Fig. 4. — Mirage artificiel de Wollaston.

Ces phénomènes se constatent mieux, en faisant évaporer de l’alcool et surtout de l’éther répandus sur une planche ou une plaque de verre de dimension moindre. En augmentant la rapidité de l’évaporation, on s’aperçoit facilement que la déviation augmente. Les images interverties, vues au-dessus de la mer à petite distance, n’ont point d’autre cause. C’est un phénomène analogue à celui qu’on produit artificiellement avec une petite quantité d’éther, et qui dans la nature demande un espace beaucoup plus grand, parce que la différence du pouvoir réfringent de la vapeur d’eau et de l’air est infiniment plus faible que celle de l’air et de l’éther vaporisé.

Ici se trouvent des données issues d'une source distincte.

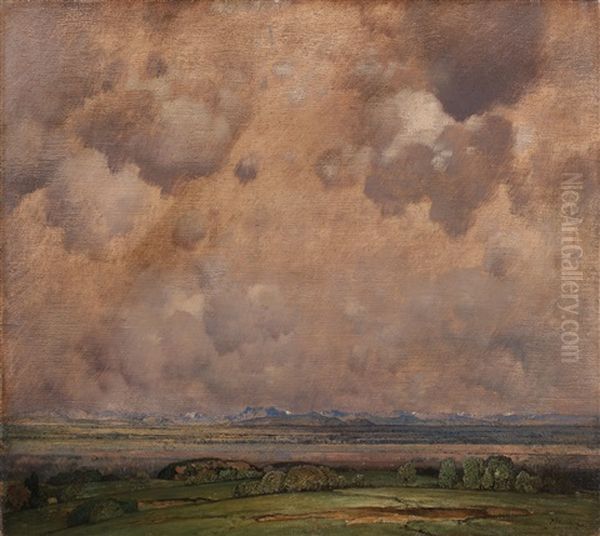 Approaching Storm In The Foothills Of The Alps Oil Painting by Toni von Stadler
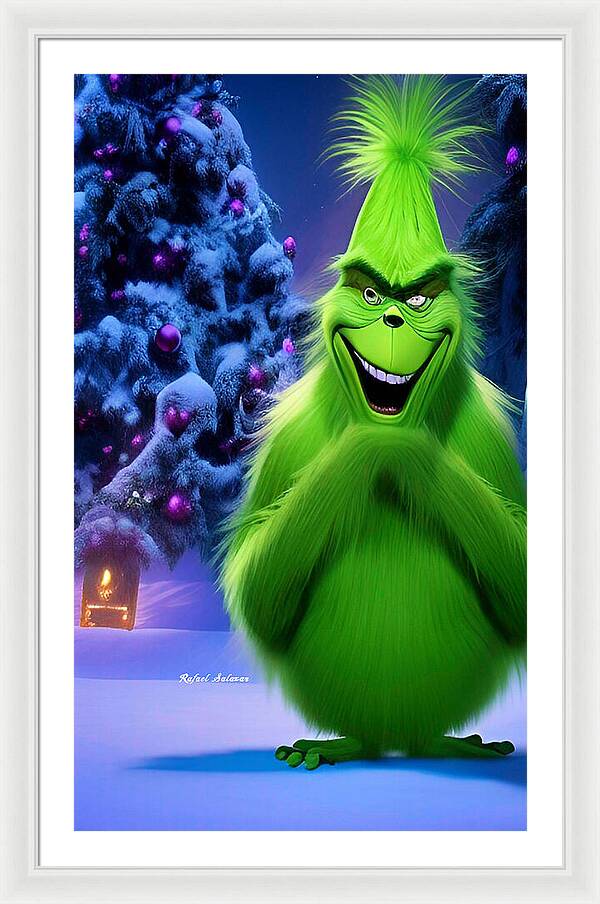 Scheming Grinch in Holiday Bliss - Framed Print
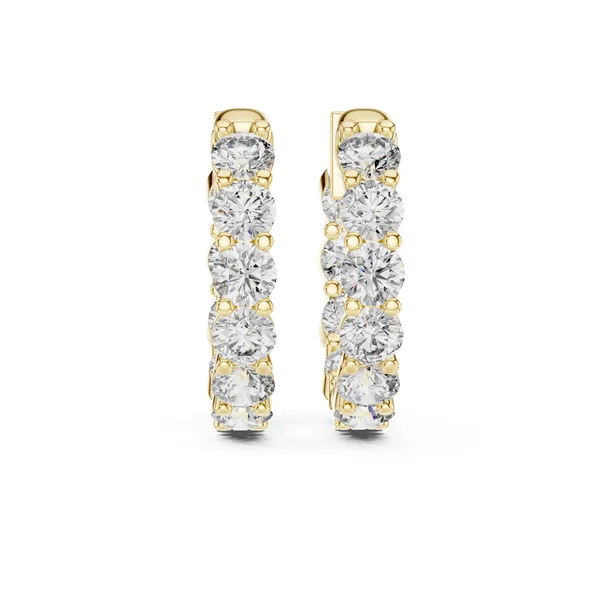 Round Diamond Hoop Lab Grown Diamond Earrings in yellow gold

Nous terminerons en faisant remarquer que bien des fois, dans les opérations géodésiques, on a aperçu des changements dans le résultat des visées pour les points lointains. Nous avons même lu, quelque part, qu’on se proposait de tirer des conclusions météorologiques de ces déplacements des images. Nous serons heureux de voir qu’on donne suite à un projet si utile, non-seulement pour le progrès de la géodésie, mais encore pour celui de la physique elle-même, car les circonstances multiples dans lesquelles se produisent les mirages ne tarderont point à être élucidées.
W. de Fonvielle.


  1. Cette gravure est reproduite d’après un livre, très-rare et très-ancien, intitulé : Prodigiorum ac ostentorum chronicon, MDLVII dû à Lycosthène. Nous aurons l’occasion de parler très-prochainement de cet ancien ouvrage.